Andravida Air Force Base, Greece houses one of the worlds last F-4 Phantom II units. The Squadron, 338 Mira, operates around 18 heavily upgraded F-4E’s in the air-to-air and air-to-ground role. With the purchase of 20 F-35A’s the days of the legendary fighter seems to be numbered, but till the delivery of these fifth gen Lightning II’s around 2027 the F-4 still plays a vital role within the Hellenic Air Force.
In 1972 Greece signed a contract for 36 F-4E’s in a deal named Peace Icarus 1. Two years later, on April 5th 1974, the first Phantoms touched down on Andravida’s runway. The first jets went to the first Greek Phantom Squadron, being 339 Mira, followed two months later by 338 Mira. But after the delivery of these first batch in November 1974 and the rising tensions with neighbor Turkey the Hellenic Air Force requested more Phantoms. Therefor a second contract, named Peace Icarus II, was signed in 1977 for the delivery of another 18 F-4E’s (and eight RF-4E’s). A third Squadron was activated on Andravida, being 339 Mira, receiving these 18 jets during the second half of 1978.

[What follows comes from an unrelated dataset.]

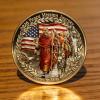 2026 Journey of Peace Mission Commemorative Coin, 2026 Peace Mission Journey Commemorative Coin, Historic 2,300-Mile Pilgrimage Tribute Honoring Compassion Souvenir, Mindfulness Buddhist (3pcs(A)) view 3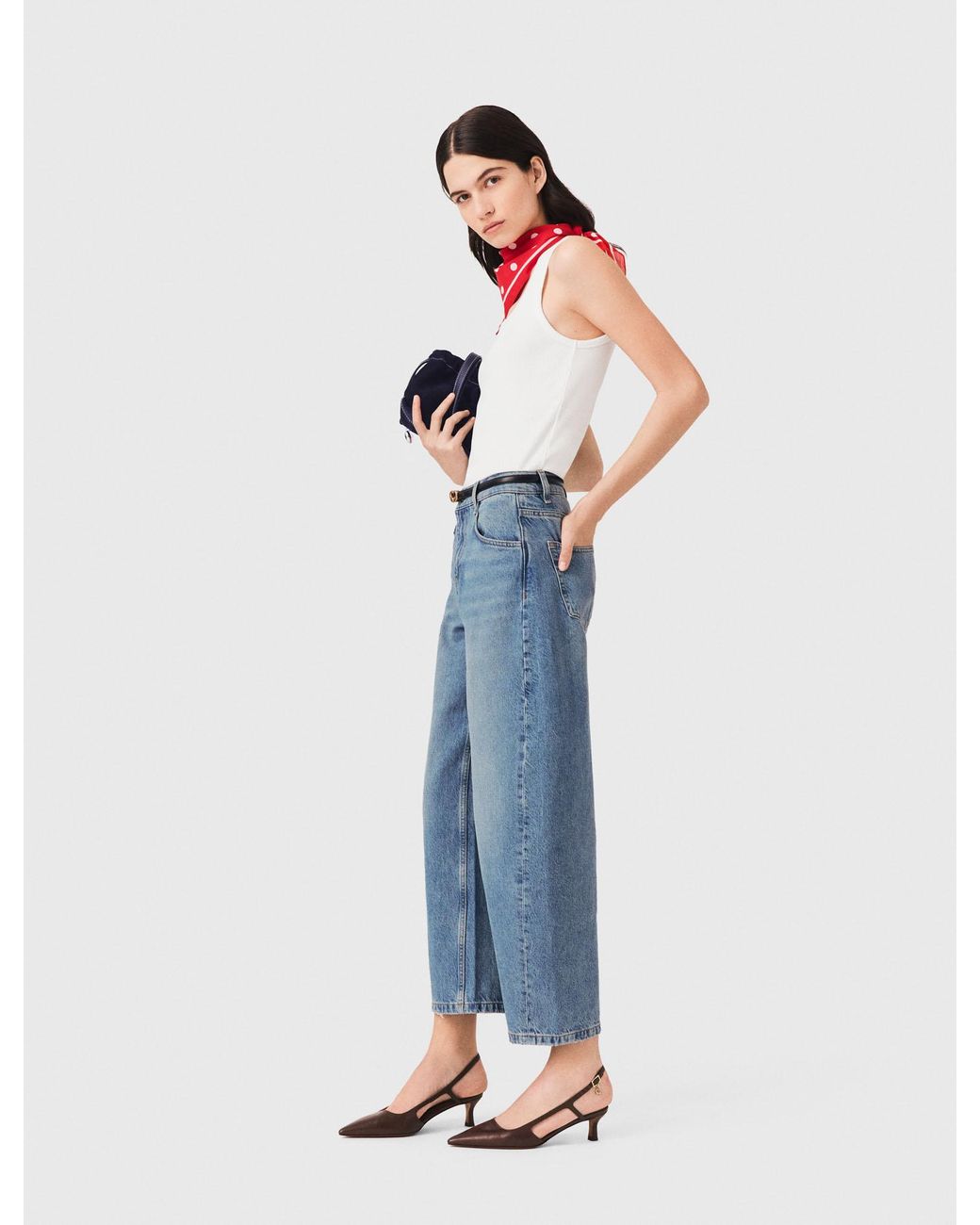Maje Blue Balloon Jeans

After operating the F-4’s for 20 years Greece launched a study to replace or upgrade their trustful fighters. Because the Phantom still proved to be a capable weapon-platform and purchasing a new jet would be too expensive it was decided to upgrade the Peace Icarus I and II Phantoms. Although an extra batch of former USAF Air National Guard F-4E’s with better avionics was delivered to Greece in 1991 these jets were considered lees suitable for the upgrades due to their age and high airframe hours.

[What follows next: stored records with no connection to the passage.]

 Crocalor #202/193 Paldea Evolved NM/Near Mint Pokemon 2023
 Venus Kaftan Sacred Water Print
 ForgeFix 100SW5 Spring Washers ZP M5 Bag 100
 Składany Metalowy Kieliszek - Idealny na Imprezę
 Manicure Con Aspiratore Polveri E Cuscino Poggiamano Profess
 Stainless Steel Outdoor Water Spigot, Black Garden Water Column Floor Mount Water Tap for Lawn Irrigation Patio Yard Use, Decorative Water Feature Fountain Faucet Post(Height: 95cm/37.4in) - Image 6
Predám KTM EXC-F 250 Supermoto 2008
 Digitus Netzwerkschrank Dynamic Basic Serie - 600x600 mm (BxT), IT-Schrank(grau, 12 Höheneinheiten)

In August 1997 the German company DASA (nowadays called EADS) received the multi million contract to upgrade 36 jets. Based on the upgraded German F-4F’s the Greek Phantoms received new AN/APG-65 digital multi mode radars, new air data computers and new navigation systems. This would enable the Phantoms for example to carry the new AIM-120 AMRAAM missile. The upgrade programme was called Peace Icarus 2000 and at the same time Hellenic Aerospace Industry (HAI) was given a contract to give the Phantoms a Service Life Extension Program making sure Greece could keep flying their jets till at least 2015.
The first completely modified F-4E-AUP (Avionic Upgrade Package) was delivered to the 117th Combat Wing at Andravida on December the 18th 2002 followed by the final airframe in October 2005. 338 Mira received 15 examples, 339 21. While the primary task of 338 was ground attack 339 Mira focused more on the air-to-air role. This changed on October 31st 2017 when 339 was disbanded and merged with 338 Mira to become a multi role Fighter Bomber Squadron.
Although flying in Greek skies for almost 50 years the Phantom still plays an important part in aerial defence. The Avionic Upgrade Package enhanced the F-4’s effectiveness and with its new sophisticated radar, sensors and advanced weapon systems the F-4E-AUP can even compete with more modern 4th generation fighters like the F-15 or F-16.